Cross-country ski trail grooming is a full-time activity with its own science to it. We’ll take a look into the grooming process to give thanks for the hard work of dedicated groomers.
What are Cross-Country Ski Trails?
Classic trails offer undisturbed and tracked snow, whereas skating lanes involve a firm and smooth snow surface. Single tracks have two sets of tracks, and a double track has four sets of tracks. A classic trail is around 6-7 cm wide with a depth of around 2-5 cm of snow. It usually comes with a 20 cm spacing that ensures safety.
On the other hand, skate tracks for most international competitions are 4 meters apart from each other.
Cross-Country Ski Trail Grooming
Cross-country ski trail grooming is necessary because only a well-groomed trail will ensure a smooth and safe skiing experience. Without proper leveling of the snow, skiers are more likely to hurt themselves. Track setting is another important part of grooming that helps skiers remain safe and stable during the activity.
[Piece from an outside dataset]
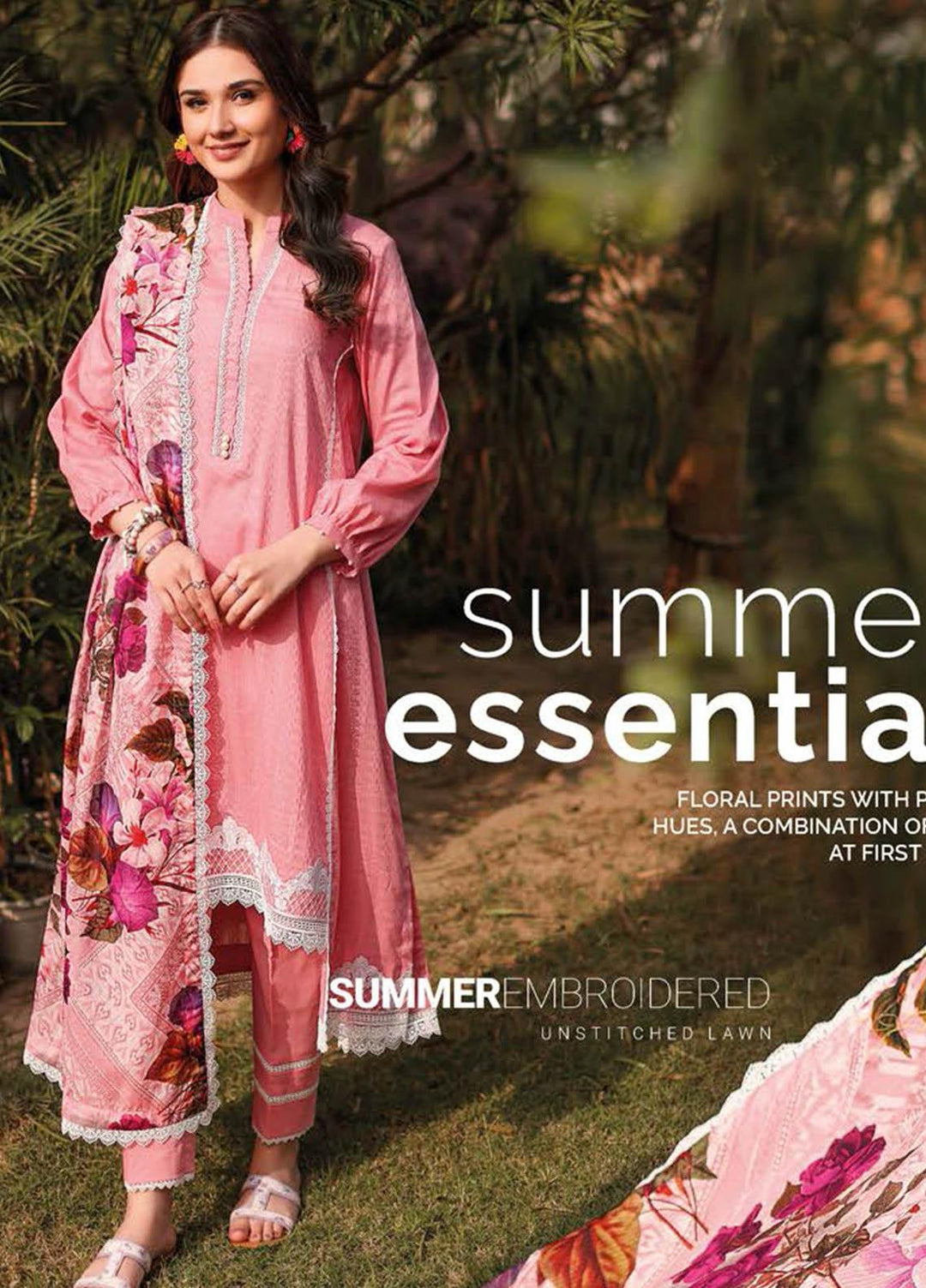 Essential Lawn By Gul Ahmed Embroidered Lawn Suits Unstitched 3 Piece GA23E DN-32062 - Summer Collection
Before you groom the trail, you need to look at a couple of things, including the crystal structure of the snow, the temperature, the degree of compaction, and the moisture content outside. This is why you should try to groom between 25 and 30 degrees Fahrenheit. Moreover, there should ideally be only one foot of snow on the ground, and grooming should be done at night.
Firstly, you need to ensure that the trail is free of any under bushes, trees, or branches that will pose a hindrance to the skier. The groomer should travel the entire ski trail to ensure there are no logs or bushes on the surface.
The next step is to pack the snow and remove air present between the snow structures. This will help create a dense trail base that supports the weight of the skier. Moreover, this fills holes and allows for greater consistency on the trail.
For proper grooming, usually, a snowmobile or snowcat is used, depending on the affordability of the device. Snowcats are tractors with treads that have both rear and front attachments such as a compactor, powder maker, tiller, and track setter that help provide consistency to the track. These are very expensive and can cost you around $200,000 plus gasoline charges. On the other hand, snowmobiles are relatively cheaper and come with fewer attachments.
Snow farming is also used by many groomers to retain the structure of the snow and create cache sites, and shovel snow for redistribution later. The wet areas in the trail can hence be covered in hay bales to hold the snow.
Moreover, snowcats come with front blades that allow you to move the snow around. Tillers, on the other hand, break up large structures of ice, and snow rollers help pack up the snow to prevent melting.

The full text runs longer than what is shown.